Restate word for word the lines of the entries below, starting with the line that holds "Stephens Firs, Mortimer, Reading" and ending with the line that holds "Photo #3: 221089728 Listing", and no others.

EXERCISE DATA Block Start

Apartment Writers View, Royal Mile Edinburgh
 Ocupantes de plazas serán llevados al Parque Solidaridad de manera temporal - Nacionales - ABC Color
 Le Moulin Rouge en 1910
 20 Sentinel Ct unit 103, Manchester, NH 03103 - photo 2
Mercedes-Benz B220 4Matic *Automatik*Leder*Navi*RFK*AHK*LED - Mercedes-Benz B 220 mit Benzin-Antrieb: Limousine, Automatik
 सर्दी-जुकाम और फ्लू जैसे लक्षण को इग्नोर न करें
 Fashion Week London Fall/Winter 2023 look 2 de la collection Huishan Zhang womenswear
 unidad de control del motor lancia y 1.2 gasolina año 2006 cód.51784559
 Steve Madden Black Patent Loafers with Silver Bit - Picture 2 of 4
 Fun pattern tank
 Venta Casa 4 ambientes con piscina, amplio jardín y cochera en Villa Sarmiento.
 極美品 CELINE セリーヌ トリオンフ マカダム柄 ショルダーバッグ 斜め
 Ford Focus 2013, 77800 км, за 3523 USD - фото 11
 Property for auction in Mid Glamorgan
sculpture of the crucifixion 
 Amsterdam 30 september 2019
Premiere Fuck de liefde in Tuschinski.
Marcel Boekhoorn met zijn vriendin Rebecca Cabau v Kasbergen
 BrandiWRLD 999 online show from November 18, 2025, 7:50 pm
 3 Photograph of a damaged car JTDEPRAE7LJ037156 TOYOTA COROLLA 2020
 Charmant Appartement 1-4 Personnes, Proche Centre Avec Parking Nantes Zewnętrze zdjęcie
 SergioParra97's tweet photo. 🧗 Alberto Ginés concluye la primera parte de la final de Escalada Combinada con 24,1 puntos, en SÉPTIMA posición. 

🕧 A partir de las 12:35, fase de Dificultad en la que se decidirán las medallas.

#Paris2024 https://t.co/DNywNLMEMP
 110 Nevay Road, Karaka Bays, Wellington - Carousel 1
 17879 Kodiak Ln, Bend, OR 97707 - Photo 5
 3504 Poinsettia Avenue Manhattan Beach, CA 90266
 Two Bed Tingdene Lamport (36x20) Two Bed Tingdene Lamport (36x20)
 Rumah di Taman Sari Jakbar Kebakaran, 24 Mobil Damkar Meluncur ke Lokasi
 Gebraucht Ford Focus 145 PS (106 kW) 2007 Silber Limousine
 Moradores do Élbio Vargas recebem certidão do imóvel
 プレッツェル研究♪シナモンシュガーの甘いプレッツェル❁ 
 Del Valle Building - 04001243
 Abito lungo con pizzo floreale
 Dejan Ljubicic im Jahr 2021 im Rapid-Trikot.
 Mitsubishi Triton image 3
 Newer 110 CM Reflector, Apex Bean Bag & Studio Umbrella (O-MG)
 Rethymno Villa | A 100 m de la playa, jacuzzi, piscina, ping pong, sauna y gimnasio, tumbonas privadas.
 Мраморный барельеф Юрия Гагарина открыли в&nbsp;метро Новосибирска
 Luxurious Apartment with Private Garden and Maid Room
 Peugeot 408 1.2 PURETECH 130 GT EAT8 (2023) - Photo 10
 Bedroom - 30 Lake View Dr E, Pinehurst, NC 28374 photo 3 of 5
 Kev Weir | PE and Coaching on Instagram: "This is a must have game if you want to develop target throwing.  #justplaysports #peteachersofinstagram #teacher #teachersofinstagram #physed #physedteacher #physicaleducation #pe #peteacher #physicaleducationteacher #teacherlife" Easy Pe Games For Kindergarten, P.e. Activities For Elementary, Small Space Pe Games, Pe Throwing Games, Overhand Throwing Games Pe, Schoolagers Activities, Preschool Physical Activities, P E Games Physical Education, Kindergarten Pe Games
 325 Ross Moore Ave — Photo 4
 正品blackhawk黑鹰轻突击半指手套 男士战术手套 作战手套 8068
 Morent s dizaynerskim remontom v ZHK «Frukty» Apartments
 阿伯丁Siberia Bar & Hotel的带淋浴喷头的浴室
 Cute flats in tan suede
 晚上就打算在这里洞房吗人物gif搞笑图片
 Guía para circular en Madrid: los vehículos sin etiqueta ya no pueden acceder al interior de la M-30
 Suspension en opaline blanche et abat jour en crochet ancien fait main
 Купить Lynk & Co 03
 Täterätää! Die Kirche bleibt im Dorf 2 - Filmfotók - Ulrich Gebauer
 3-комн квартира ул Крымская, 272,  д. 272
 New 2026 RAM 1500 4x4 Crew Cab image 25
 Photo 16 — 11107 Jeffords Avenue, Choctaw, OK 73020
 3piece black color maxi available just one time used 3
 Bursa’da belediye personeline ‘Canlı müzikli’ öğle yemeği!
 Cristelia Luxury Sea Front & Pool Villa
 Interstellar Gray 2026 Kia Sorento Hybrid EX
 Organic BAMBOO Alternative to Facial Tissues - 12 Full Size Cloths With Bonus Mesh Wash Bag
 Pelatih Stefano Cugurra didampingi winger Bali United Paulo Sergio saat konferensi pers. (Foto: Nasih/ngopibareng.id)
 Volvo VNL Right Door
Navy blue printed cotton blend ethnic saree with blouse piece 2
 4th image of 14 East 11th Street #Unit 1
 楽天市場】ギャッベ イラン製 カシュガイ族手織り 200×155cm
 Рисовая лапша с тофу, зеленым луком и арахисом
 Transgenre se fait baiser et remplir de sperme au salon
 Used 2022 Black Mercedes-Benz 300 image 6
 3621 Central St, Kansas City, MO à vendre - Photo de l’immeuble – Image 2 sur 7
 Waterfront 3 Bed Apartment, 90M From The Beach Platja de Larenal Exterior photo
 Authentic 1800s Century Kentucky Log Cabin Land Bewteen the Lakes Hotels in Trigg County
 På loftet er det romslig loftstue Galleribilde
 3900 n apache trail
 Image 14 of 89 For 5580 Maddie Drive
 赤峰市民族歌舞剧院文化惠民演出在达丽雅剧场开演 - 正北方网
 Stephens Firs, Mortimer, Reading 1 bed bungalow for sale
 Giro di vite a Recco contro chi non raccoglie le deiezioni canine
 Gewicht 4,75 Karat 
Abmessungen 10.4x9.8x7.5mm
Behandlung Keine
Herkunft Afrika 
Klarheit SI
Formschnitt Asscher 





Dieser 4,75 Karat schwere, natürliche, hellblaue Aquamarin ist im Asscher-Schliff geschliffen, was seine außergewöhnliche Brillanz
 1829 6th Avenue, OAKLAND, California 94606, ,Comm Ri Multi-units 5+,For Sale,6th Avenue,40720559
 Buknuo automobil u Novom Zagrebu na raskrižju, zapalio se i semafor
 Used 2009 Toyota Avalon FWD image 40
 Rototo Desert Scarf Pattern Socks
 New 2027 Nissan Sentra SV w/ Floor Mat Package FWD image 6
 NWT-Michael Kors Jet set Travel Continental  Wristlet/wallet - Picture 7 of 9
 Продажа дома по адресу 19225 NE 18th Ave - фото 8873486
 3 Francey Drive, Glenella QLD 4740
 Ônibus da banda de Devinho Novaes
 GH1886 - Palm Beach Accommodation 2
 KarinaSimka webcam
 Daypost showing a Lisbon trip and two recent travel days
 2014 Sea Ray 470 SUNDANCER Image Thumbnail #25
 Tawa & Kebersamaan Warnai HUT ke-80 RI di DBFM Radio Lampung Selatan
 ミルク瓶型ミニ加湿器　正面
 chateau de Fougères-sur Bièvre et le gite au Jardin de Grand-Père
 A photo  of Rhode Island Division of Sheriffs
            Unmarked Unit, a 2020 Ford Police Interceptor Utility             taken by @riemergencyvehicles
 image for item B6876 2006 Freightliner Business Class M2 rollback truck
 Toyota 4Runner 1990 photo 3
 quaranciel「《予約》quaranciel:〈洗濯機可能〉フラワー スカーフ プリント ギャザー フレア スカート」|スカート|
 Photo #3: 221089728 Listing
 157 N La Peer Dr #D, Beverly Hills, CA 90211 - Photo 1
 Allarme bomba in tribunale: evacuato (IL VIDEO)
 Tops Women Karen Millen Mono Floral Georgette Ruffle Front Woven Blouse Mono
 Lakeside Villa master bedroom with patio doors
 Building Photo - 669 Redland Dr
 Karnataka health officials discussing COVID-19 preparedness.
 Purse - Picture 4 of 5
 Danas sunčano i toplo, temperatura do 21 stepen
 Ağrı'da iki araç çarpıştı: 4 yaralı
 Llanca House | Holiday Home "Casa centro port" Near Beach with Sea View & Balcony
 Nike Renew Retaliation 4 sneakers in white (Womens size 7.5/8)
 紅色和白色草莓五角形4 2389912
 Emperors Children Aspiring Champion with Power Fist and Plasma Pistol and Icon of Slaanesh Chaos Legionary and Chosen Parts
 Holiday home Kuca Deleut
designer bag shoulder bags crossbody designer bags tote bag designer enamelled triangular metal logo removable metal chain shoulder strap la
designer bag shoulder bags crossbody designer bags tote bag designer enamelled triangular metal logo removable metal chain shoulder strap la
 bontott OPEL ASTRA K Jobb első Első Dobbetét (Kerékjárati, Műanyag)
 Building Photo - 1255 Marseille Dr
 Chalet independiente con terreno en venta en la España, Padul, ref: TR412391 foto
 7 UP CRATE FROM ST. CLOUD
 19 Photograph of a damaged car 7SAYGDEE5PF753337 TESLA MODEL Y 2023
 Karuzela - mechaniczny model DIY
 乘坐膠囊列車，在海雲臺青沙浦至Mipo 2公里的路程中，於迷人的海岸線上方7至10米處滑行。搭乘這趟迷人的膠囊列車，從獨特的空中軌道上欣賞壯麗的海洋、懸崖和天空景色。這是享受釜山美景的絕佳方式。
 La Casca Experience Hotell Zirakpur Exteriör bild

EXERCISE DATA Block End

**EXERCISE OUTPUT**:
 Stephens Firs, Mortimer, Reading 1 bed bungalow for sale
 Giro di vite a Recco contro chi non raccoglie le deiezioni canine
 Gewicht 4,75 Karat 
Abmessungen 10.4x9.8x7.5mm
Behandlung Keine
Herkunft Afrika 
Klarheit SI
Formschnitt Asscher 





Dieser 4,75 Karat schwere, natürliche, hellblaue Aquamarin ist im Asscher-Schliff geschliffen, was seine außergewöhnliche Brillanz
 1829 6th Avenue, OAKLAND, California 94606, ,Comm Ri Multi-units 5+,For Sale,6th Avenue,40720559
 Buknuo automobil u Novom Zagrebu na raskrižju, zapalio se i semafor
 Used 2009 Toyota Avalon FWD image 40
 Rototo Desert Scarf Pattern Socks
 New 2027 Nissan Sentra SV w/ Floor Mat Package FWD image 6
 NWT-Michael Kors Jet set Travel Continental  Wristlet/wallet - Picture 7 of 9
 Продажа дома по адресу 19225 NE 18th Ave - фото 8873486
 3 Francey Drive, Glenella QLD 4740
 Ônibus da banda de Devinho Novaes
 GH1886 - Palm Beach Accommodation 2
 KarinaSimka webcam
 Daypost showing a Lisbon trip and two recent travel days
 2014 Sea Ray 470 SUNDANCER Image Thumbnail #25
 Tawa & Kebersamaan Warnai HUT ke-80 RI di DBFM Radio Lampung Selatan
 ミルク瓶型ミニ加湿器　正面
 chateau de Fougères-sur Bièvre et le gite au Jardin de Grand-Père
 A photo  of Rhode Island Division of Sheriffs
            Unmarked Unit, a 2020 Ford Police Interceptor Utility             taken by @riemergencyvehicles
 image for item B6876 2006 Freightliner Business Class M2 rollback truck
 Toyota 4Runner 1990 photo 3
 quaranciel「《予約》quaranciel:〈洗濯機可能〉フラワー スカーフ プリント ギャザー フレア スカート」|スカート|
 Photo #3: 221089728 Listing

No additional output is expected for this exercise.